Start of Block

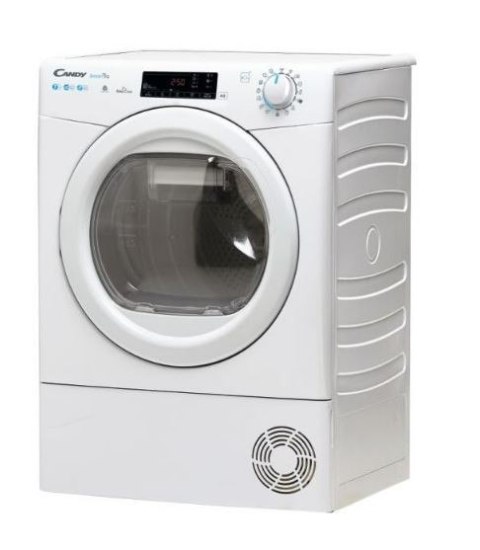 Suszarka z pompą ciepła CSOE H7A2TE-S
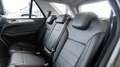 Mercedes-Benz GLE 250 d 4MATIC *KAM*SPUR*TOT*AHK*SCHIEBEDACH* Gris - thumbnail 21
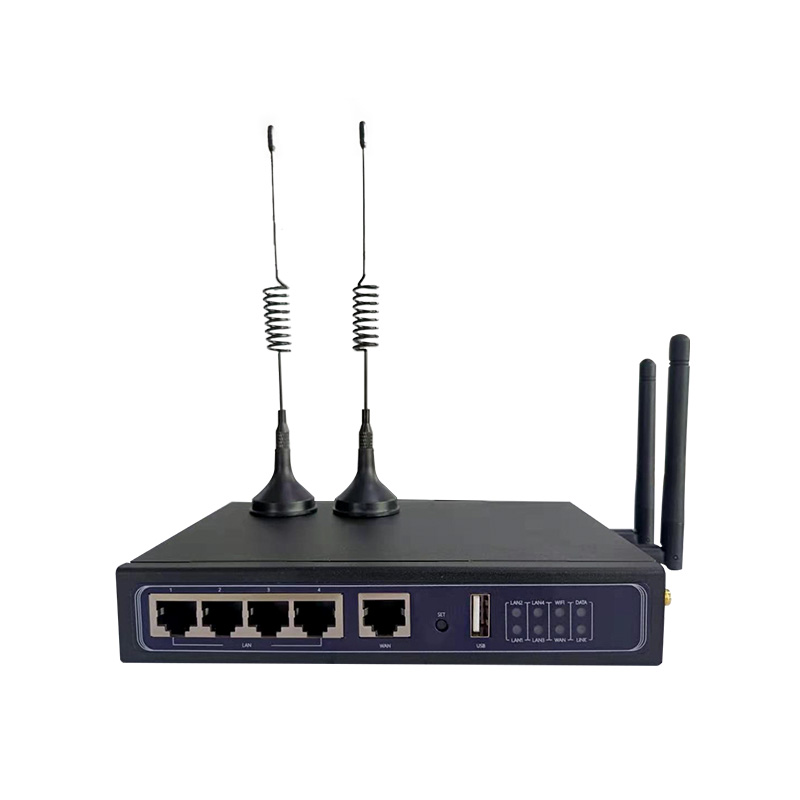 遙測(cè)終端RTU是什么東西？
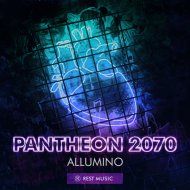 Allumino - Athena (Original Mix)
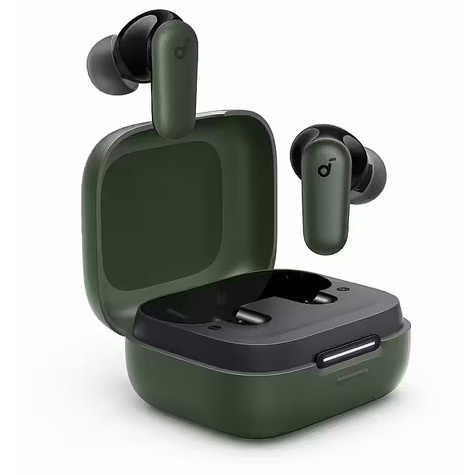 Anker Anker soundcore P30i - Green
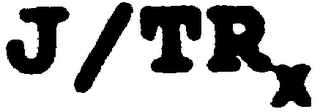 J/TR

End of Block
Start of Block

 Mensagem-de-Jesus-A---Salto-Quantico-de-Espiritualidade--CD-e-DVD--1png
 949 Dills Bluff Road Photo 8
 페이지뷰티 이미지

End of Block
Start of Block

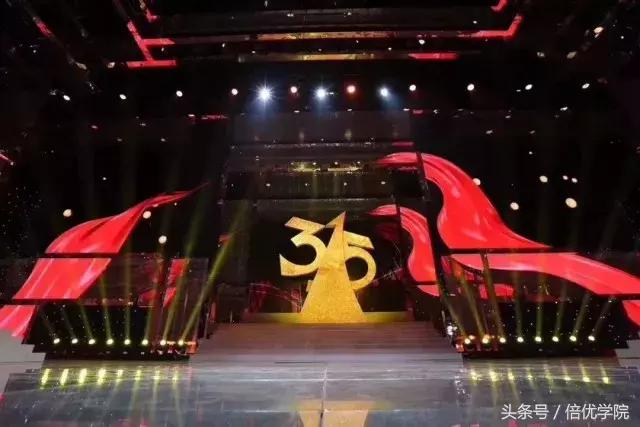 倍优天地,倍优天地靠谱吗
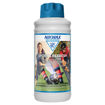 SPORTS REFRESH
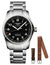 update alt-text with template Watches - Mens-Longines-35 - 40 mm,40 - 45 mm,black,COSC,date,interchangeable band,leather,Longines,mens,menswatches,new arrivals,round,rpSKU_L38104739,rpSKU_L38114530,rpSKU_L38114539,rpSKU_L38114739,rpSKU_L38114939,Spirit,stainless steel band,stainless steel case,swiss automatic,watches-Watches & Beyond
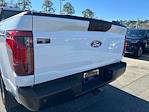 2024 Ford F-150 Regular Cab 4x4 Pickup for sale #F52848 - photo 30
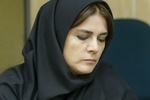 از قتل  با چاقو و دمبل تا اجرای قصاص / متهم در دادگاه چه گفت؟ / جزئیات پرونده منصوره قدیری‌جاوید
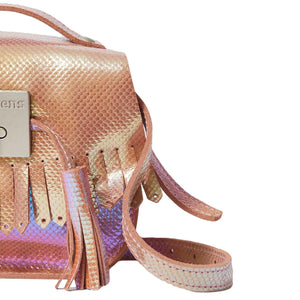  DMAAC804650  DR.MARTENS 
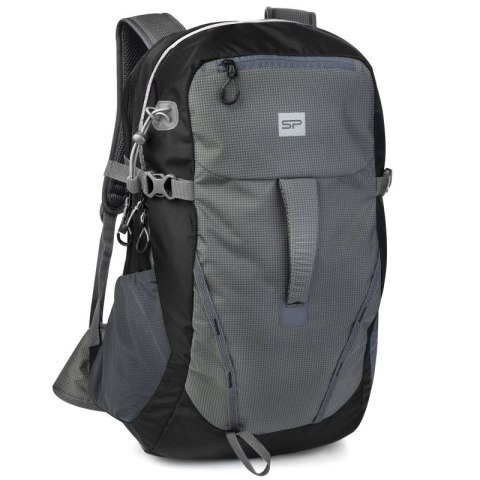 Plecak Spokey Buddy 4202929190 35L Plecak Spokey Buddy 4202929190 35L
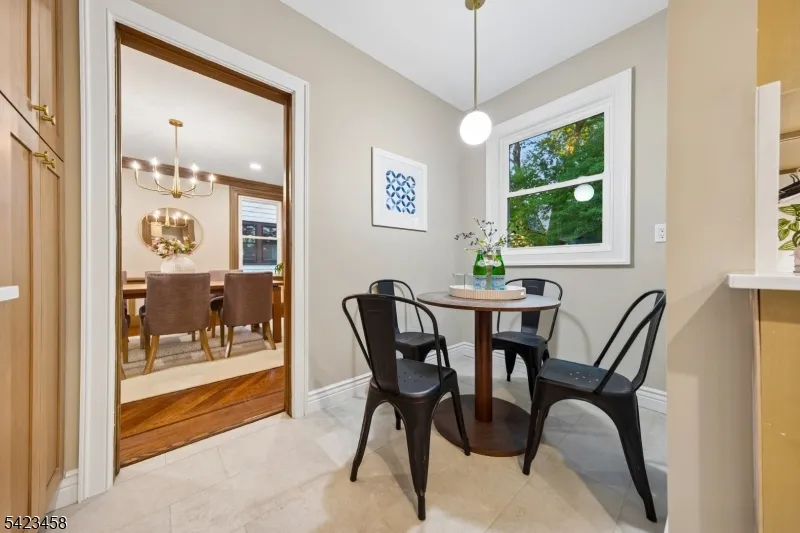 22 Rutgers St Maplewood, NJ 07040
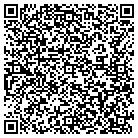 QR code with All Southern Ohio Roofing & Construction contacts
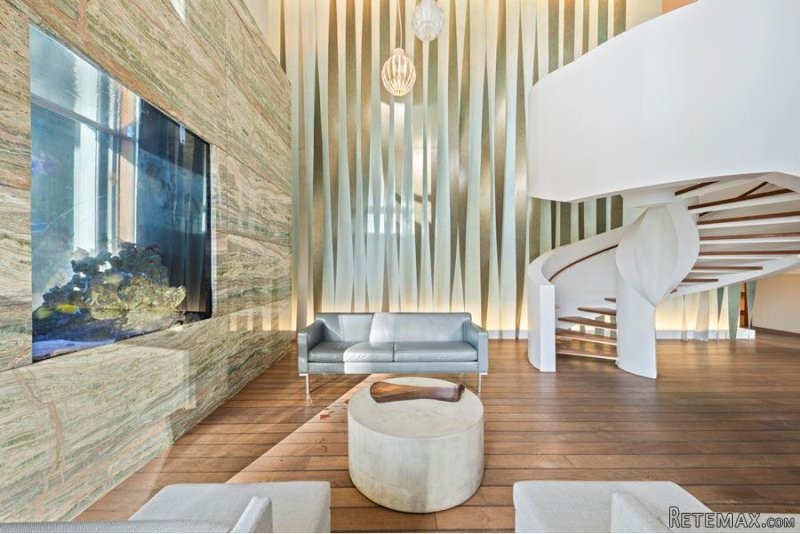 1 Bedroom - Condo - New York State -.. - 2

End of Block

Action item: In the listing above, find the line with "2024 Ford F-150" and the line with "1 Bedroom - Condo - New York State -.. - 2". Output both, plus every line between them, and no pictures.

Written answer:
 2024 Ford F-150 Regular Cab 4x4 Pickup for sale #F52848 - photo 30
 از قتل  با چاقو و دمبل تا اجرای قصاص / متهم در دادگاه چه گفت؟ / جزئیات پرونده منصوره قدیری‌جاوید
  DMAAC804650  DR.MARTENS 
 Plecak Spokey Buddy 4202929190 35L Plecak Spokey Buddy 4202929190 35L
 22 Rutgers St Maplewood, NJ 07040
 QR code with All Southern Ohio Roofing & Construction contacts
 1 Bedroom - Condo - New York State -.. - 2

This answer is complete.